It was a typical drive home on a Thursday afternoon. I was heading home, navigating through the busy streets on the outskirts of Dubai, listening to the podcast of one of my favourite authors, Ray Dalio. Meanwhile, as I was navigating my way through the cars, I saw an enormous murmuration of hundreds of birds. The vehicles got slower, nearly standstill. Everyone wanted to stop and watch the wonder pass through. That magnificent sight was like a refreshing sip of ice-cold water. You could see the power of nature, inspiring awe and calm in stressed-out people.
As the people in awe started driving again and I was on my way to the long road home, my mind was full of questions. How many birds fly together? How do birds know at what distance they have to fly? What formation would they like to make?
My mind was craving to dig into the magic of nature. I started researching by typing why birds flock together, and I saw more than seventeen million results.
Consequently, skimming through a large amount of data, I found some interesting facts on a national geographic site. Before exploring these interesting details, we need to understand that this magnificent formation results from the independent actions of thousands of birds. They follow three simple rules.
First, don’t get too close to each other.
Second, don’t get too far away from another bird or the centre of the flock.
Third, fly in the same direction and align your head with everyone else.
Recent discoveries about birds’ cognitive abilities have forced scientists to realise that bird and mammal brains have more in common in their function than previously believed. With this in mind, applying the concept of starlings to human behaviour in teams can help us accelerate team dynamics and drive performance to deliver better outcomes.
To understand this concept better, diving deeper into every rule is necessary.
Don’t get too close to each other
Rule number one illustrates understanding and Setting Boundaries. Organisations often use tools like Job Descriptions, competency matrix, RACI (Responsible, Accountable, communicate, Inform) models etc., to clarify the roles and responsibilities of individuals. However, defining jobs is just one aspect, but having healthy personal boundaries means taking responsibility for your actions and emotions in a working relationship.
As Mark Manson writes in his book, “The art of not giving a Fu*k”, “People with strong boundaries understand that it’s unreasonable to expect two people to accommodate each other 100 per cent and fulfil every need the other has. People with strong boundaries understand that a healthy relationship is not about controlling one another’s emotions, but rather about each partner supporting the other in their individual growth and solving their problems.” At work, having healthy boundaries means taking responsibility for your work and results—and working in a way that helps others solve their problems.

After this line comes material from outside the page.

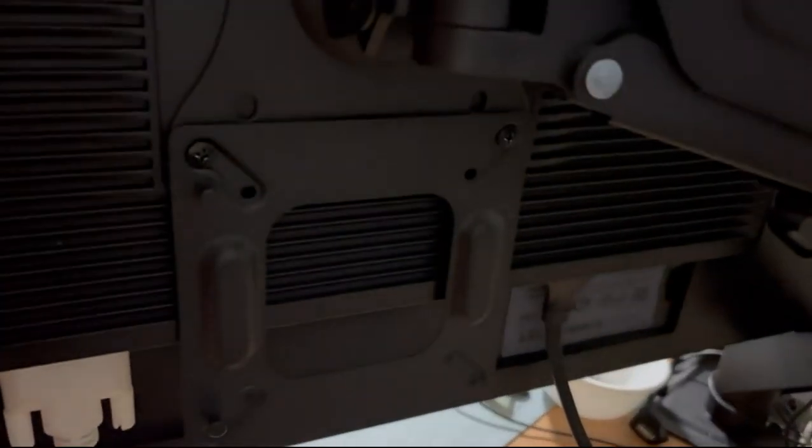It's very easy to mount even if you have the dual arm. I have a dual arm and I mounted it this way, and it still works. I've connected it to the monitor, so let's switch it on.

Don’t get too far away from the centre of the flock
In fact, HBR Research data establishes that Individual reasoning and talent contribute far less to team success than how they communicate with each other. All Organisations, just like families, have a common language of communication. The way people answer phones, respond to emails, and greet each other in the hallway. These nudges of tone, facial expression and body language are the subtle indicators of what is acceptable. These cues create a sense of pride, inclusivity, and oneness. Well-communicating teams follow three simple protocols.
One all members of the team talk and listen in roughly equal measure.
Two, members talk to each other directly- not just with the team leader; the focus is completing the work, not establishing individual superiority.
Three, members carry on side conversations within the team; they take the initiative and propose new ideas.
Fly in the same direction
Teams require a clear purpose and a sense of order. The HBR article the secret of great teamwork highlights, “The foundation of every great team is a direction that energises, orients, and engages its members. Leaders cannot inspire teams if they don’t know what they’re working towards and don’t have explicit goals.” In addition to that a collective understanding that there are no solo winners. People take accountability for each other’s actions, celebrate wins, and accommodate concerns.
At the same time, teams develop leadership, momentum, and commitment by working to shape a meaningful purpose. Also, research from Josh Bersin shows that the highest-performing companies reward people for team goals, not just individual goals. Ultimately, three behaviours of teams with clear direction are;
One, team members have common objectives
Two, each person understands how they contribute to broader objectives
Three, rewards are attached to team achievements.
Reasonable Goal setting is just the beginning. Continuous monitoring, feedback, and adjustment are required on an ongoing basis.
Birds have evolved bones as strong as those of other species but much lighter; It takes simplicity and clarity to stay light. With this in mind, there is much to learn about team collaboration from the simplicity of these tiny creatures. Altogether, here is a three-step checklist for developing winning teams;
One Identifies and Sets boundaries. Maintain decorum by watching your behaviour, keeping your emotions in check, and finally giving the other team members space to do the same.
Two, stay at the centre of the flock. To create an inclusive culture, cultivate a common language of communication.
Three, fly in the same direction. Create a sense of purpose by creating momentum through the visibility of goals and small wins.
In addition to the above, birds have another exceptional capacity that helps them have tiny but intelligent brains. They can generate new neurons when needed and shed them when no longer necessary. Similarly, teams’ intelligence lies in learning, unlearning and relearning at a consistent pace.
It’s time to embrace the lessons from these tiny birds and create a great murmuration of star teams.